Comment by amenghra

1 day ago

IMHO, if something isn’t part of the contract, it should be randomized. Eg if iteration order of maps isn’t guaranteed in your language, then your language should go out of its way to randomize it. Otherwise, you end up with brittle code: code that works fine until it doesn’t.

There are various compiler options like -ftrivial-auto-var-init to initialize uninitialized variables to specific (or random) values in some situations, but overall, randomizing (or zeroing) the full content of the stack in each function call would be a horrendous performance regression and isn't done for this reason.

  • There are fast instructions (e.g., REP STOSx, AVX zero stores, dc zva) and tricks (MTE, zero pages), but no magic CPU instruction exists that transparently and efficiently randomizes or zeros the stack on function calls. You think there would be one and I bet there are on some specialized high-security systems, but I'm not sure even where you would find such a product. Telecom certainly isn't it.

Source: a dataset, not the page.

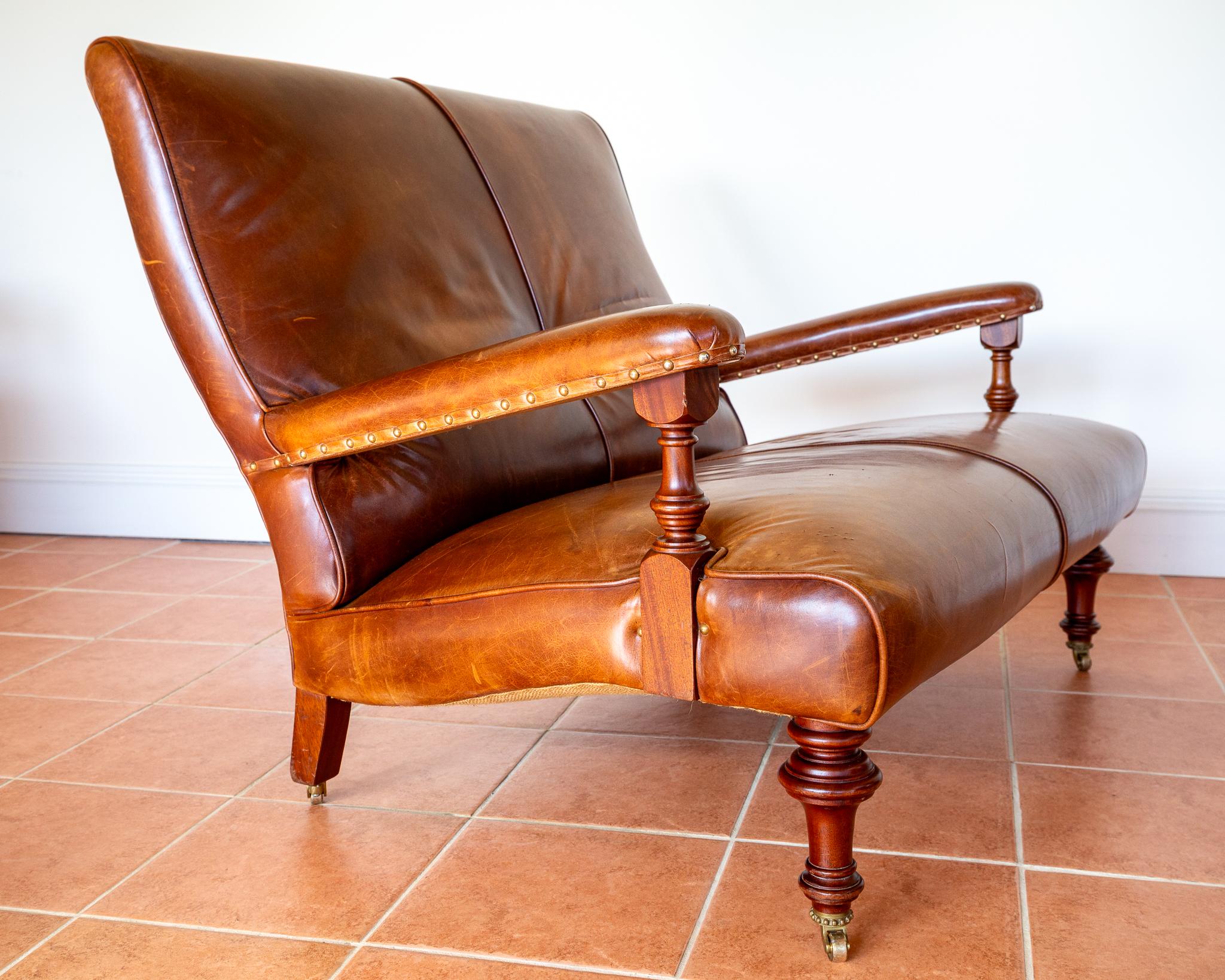 Feines offenes Leder-Bibliotheks-Sofa aus Leder im Stil von Howard Sons, Landhaus im Zustand „Gut“ im Angebot in London, GB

    • There are proposed cpu architectures that work that way, like the Mill <https://millcomputing.com/>. Where most cpus support multiple calling conventions the Mill enforces a single calling convention in hardware. There is a hardware `call` instruction that does all the work directly, along with a corresponding `ret` instruction for returning from a function call. It also uses its equivalent of the TLB to ensure that each function is only granted permission to read from that portion of the stack which contains its arguments; any attempt to read outside that region would result in a permission error that causes the read to return a NaR (Not a Result, akin to a floating point NaN).

      As an additional protection, new stack frames are implicitly zeroed as they are created. I assume this is done by filling the CPU cache with zeros for those addresses before continuing to execute the called function. No need to wait for actual zeros to be written to main memory.

      https://millcomputing.com/wiki/Protection#Protecting_Stacks

      1 reply →

    • You couldn't do random, but with a predictable performance hit to memory, cache and write-line use stack addresses COULD be isolated for a program, for a library, etc.

      It'd be expensive though; every context switch would require it's own stack and pushing / restoring one more register. There's GOOD reason programs don't work that way and are supposed to not rely on values outside of properly initialized (and not later clobbered) memory.

      2 replies →

    • CPUs already special case xor reg,reg as zeroing out the register, breaking any data dependency on it. If zeroing bits of the stack were common enough, I'd believe CPUs could be made that handled it efficiently (they already special case the stack; push/pop)

  • I'm a bit distant from this stuff, but it looks like C++26 will have something like -ftrivial-auto-var-init enabled by default. See the "safe by default" section of [1].

    For reference, the actual proposal that was accepted into C++26 is [2]. It discusses performance only in general, and it refers to an earlier analysis [3] for more details. This last reference describes regressions of around 0.5% in time and in code size. Earlier prototypes suggested larger regressions (perhaps even "horrendous") but more emphasis on compiler optimizations has brought the regression down considerably.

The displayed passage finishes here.